In his mid-teens, he moved to Copenhagen, which exposed to a much more musical society. When he was 19, Ludolf won a scholarship to the Danish Royal Academy of Music from a contest. There, he studied violin, piano, and music theory. Supposedly, his composing talents were self-taught, and Ludolf mastered the art of composition quickly. His considerable skill in orchestration towered above the Danish standard of the day, with the exception of course of Carl Nielsen, the greatest Danish composer of all time. It was when he was about 20 that Ludolf Nielsen started composing music seriously, and soon thereafter he also sent his time as a violinist with the Tivoli Orchestra. Some of his works were performed in 1899, but his first major success was with the symphonic poem "Regnar Lodbrog" (about a legendary Norse ruler) which gained him an additional scholarship that let him spend time in the musically rich city of Leipzig, there he composed a few string quartets and had them published. He returned to Copenhagen and was conductor of the Tivoli Orchestra. In 1902, he composed his First Symphony, and between 1903-1905 a tone poem "From the Mountains". Just after his marriage in 1907, Nielsen composed a Romance for Violin (1908) and his Second Symphony (1907-1909). Like many other artists of the time, World War I had a profound affect on Nielsen, and he didn't compose anything else until 1914, which brought his Symphony No. 3. After the War, he became a private music teacher for a period of time, then returned to composing. The two most important works from this period are his ballet "Lackschmi" (Lakshmi is the goddess of wealth beauty, luck, light, wisdom) of 1922 which was a great success for the Royal Ballet, and the orchestral suite "Skovvandring" (Forest Journey).
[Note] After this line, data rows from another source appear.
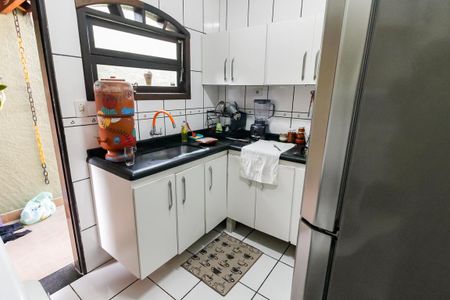 Casa à venda com 200m², 3 quartos e 2 vagas Casa à venda com 200m², 3 quartos e 2 vagasCozinha - Armários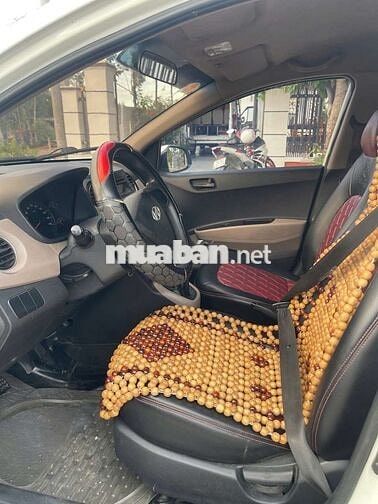 Hyundai Grand i10 2016 Trắng Số sàn 5 chỗ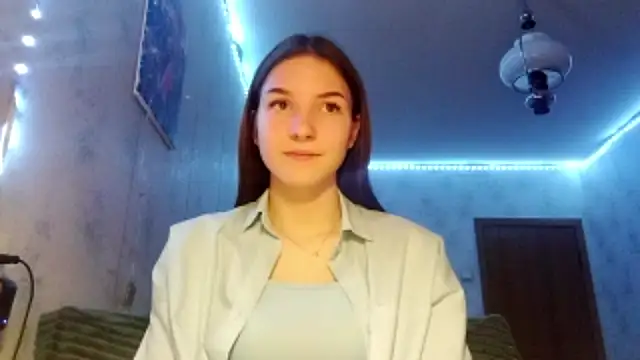 Snapshot of Beauty_miIa chatting on 24, 10, 2025 Beauty miIa online show from 24, 10, 2025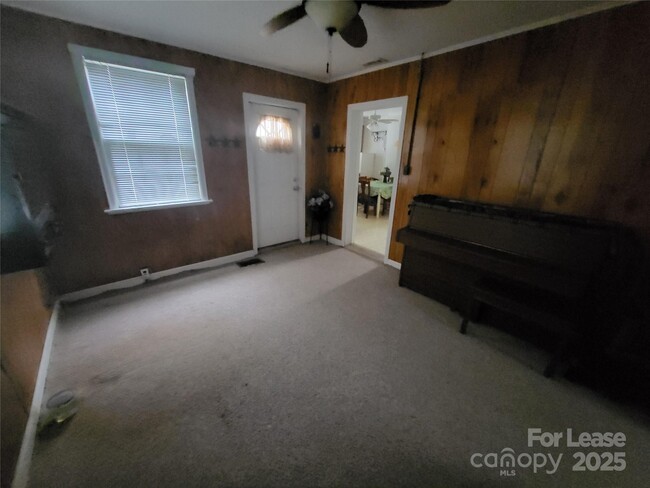 Photo - 13813 Holbrooks Rd House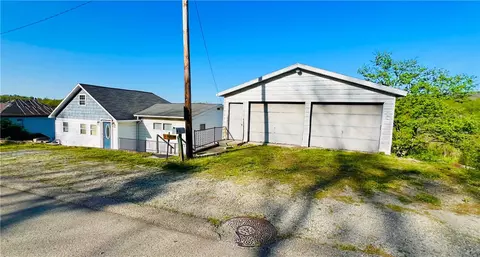 1107 National Pike, Uniontown, PA 15401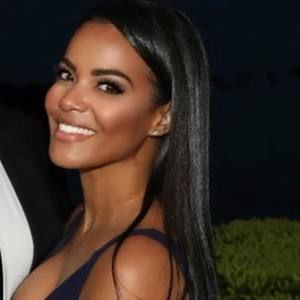 Meet your Posher, Juana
Later works, for example the choral work "Babelstårnet" (The Tower of Babel) and the last of his three symphonies, have a Symbolistic, philosophical content, while his last compositions are leaner and marked by nature lyricism. After these major works Nielsen wrote almost 100 Lieder. Between 1926 and 1939, Ludolf worked as a programmer for the Danish National Radio Corporation, and with the exception of a few radio plays, he ceased composing. Nielsen died in Copenhagen on October 16th, 1939 at the age of 63.

I will likely share all of the Dacapo discs and a few more on CPO soonish.


1) Overture "Isabella" Op.10

"Lackschmi" 

2) Prelude/Indian March
3) Lackschmi's Dance
4) Padmavati's Dance
5) Lento Appassionato
6) Interlude
7) Scene Music
8) Scene Music/Entry March
9) Bayadere Dance
10) Ino's Dance
11) The Tournament
12) The Contest Between The Prince And Veramadeva
13) Lento
14) Allegro Ma Non Troppo
15)The Dance Of Death/The Flames  

Enjoy!

Ludolf_Nielsen-Lakshmi-Tzadik.zip

http://www2.zippyshare.com/v/cJYwqpVw/file.html

2 comments:

Scraps said...

I love CPO's cover design.

Tzadik said...

Hi Scraps, I have to agree! Then again I love Asian art in general, and ancient Indian paintings, scrolls and tapestries are just divine.